══ DATASET CONTENT ══

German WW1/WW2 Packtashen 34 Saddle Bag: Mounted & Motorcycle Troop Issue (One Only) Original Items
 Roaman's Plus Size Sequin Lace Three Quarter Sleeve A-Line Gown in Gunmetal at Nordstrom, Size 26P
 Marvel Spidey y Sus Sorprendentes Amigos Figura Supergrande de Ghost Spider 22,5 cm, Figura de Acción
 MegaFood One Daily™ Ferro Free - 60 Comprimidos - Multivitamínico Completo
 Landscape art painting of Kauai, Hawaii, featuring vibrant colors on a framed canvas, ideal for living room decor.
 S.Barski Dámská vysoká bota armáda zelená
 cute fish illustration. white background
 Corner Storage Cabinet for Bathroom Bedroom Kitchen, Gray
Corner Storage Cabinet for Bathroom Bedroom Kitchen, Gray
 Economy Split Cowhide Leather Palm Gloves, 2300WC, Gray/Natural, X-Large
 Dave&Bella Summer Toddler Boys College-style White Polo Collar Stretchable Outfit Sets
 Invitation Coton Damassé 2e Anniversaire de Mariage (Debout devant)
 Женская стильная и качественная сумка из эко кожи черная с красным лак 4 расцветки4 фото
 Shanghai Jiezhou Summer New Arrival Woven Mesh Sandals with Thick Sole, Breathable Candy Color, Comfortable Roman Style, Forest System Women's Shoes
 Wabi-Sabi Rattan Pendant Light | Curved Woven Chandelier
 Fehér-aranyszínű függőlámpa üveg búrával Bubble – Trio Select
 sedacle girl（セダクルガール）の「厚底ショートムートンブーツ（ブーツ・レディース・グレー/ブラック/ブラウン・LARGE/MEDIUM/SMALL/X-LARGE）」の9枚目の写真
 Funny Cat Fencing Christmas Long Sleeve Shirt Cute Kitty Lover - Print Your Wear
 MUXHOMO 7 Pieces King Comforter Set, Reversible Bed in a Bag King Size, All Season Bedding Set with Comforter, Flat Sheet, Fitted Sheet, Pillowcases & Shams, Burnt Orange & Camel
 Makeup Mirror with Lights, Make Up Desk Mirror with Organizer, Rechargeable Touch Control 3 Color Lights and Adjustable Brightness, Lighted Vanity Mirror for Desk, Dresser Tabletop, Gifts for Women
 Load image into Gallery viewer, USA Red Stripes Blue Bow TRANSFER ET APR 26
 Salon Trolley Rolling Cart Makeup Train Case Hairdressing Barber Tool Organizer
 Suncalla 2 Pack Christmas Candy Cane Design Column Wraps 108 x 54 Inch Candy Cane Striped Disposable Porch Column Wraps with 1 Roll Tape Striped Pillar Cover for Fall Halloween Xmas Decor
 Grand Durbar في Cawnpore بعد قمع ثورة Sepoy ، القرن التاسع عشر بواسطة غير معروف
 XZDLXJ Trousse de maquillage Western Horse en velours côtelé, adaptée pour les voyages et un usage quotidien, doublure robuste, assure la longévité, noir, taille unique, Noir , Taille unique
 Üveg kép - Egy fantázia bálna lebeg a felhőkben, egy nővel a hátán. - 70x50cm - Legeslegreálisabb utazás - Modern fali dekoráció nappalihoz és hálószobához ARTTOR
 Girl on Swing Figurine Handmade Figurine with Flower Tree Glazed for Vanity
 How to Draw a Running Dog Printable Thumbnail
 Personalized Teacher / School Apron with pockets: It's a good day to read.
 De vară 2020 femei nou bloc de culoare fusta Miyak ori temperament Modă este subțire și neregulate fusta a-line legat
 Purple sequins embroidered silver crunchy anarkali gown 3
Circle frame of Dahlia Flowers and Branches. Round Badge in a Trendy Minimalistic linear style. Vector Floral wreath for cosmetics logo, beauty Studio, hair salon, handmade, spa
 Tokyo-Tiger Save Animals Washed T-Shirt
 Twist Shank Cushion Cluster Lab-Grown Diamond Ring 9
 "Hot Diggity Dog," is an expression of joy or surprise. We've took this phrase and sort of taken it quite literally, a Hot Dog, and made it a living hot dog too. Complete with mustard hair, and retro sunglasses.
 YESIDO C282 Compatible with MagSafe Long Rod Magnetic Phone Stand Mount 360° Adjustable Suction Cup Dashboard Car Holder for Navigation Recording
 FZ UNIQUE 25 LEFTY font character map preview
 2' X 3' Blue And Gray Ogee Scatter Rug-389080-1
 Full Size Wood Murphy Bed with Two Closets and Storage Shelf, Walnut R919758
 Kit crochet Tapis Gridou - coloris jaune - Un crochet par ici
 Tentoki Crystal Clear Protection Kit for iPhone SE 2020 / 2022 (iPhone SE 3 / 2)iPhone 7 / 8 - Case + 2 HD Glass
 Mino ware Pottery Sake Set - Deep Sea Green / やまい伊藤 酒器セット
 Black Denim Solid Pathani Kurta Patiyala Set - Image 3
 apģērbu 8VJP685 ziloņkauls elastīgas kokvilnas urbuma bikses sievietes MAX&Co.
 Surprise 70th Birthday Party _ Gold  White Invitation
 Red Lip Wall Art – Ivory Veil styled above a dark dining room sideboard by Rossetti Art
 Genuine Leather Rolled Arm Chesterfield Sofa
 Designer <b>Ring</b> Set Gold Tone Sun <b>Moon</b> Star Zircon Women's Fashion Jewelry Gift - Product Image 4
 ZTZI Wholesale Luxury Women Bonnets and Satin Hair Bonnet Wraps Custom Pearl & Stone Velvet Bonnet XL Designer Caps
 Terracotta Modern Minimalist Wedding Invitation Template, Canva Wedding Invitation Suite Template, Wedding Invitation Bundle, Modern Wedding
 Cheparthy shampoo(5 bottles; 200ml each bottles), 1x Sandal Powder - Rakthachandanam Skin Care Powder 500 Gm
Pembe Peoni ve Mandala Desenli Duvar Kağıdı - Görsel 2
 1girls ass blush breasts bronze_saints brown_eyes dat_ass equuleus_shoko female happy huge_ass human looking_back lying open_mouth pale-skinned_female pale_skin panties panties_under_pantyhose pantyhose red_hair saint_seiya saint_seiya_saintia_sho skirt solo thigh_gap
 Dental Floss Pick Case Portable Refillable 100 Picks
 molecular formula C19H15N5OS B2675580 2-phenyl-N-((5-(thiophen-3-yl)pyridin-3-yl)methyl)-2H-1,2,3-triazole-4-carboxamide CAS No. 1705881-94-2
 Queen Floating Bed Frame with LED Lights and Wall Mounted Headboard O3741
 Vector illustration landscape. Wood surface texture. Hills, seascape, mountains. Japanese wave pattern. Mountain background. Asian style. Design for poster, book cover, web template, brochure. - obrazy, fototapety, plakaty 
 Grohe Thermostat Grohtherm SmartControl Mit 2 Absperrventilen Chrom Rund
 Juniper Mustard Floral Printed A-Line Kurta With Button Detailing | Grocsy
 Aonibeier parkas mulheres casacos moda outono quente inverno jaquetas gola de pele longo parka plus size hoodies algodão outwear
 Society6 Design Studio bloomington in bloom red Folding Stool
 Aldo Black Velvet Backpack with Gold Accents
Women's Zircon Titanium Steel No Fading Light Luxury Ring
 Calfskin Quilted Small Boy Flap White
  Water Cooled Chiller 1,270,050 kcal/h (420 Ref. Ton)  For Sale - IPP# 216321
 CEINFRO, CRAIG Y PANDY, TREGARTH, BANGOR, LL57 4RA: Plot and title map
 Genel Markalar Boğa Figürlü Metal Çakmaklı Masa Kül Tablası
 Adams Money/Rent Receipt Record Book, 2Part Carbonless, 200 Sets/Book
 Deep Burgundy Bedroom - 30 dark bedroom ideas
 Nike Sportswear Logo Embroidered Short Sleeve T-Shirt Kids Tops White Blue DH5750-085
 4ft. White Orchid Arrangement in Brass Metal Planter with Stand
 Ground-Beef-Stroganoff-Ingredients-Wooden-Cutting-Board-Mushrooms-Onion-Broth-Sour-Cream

═══

Show every line of the records above that contains the word "Sleeve".

 Roaman's Plus Size Sequin Lace Three Quarter Sleeve A-Line Gown in Gunmetal at Nordstrom, Size 26P
 Funny Cat Fencing Christmas Long Sleeve Shirt Cute Kitty Lover - Print Your Wear
 Nike Sportswear Logo Embroidered Short Sleeve T-Shirt Kids Tops White Blue DH5750-085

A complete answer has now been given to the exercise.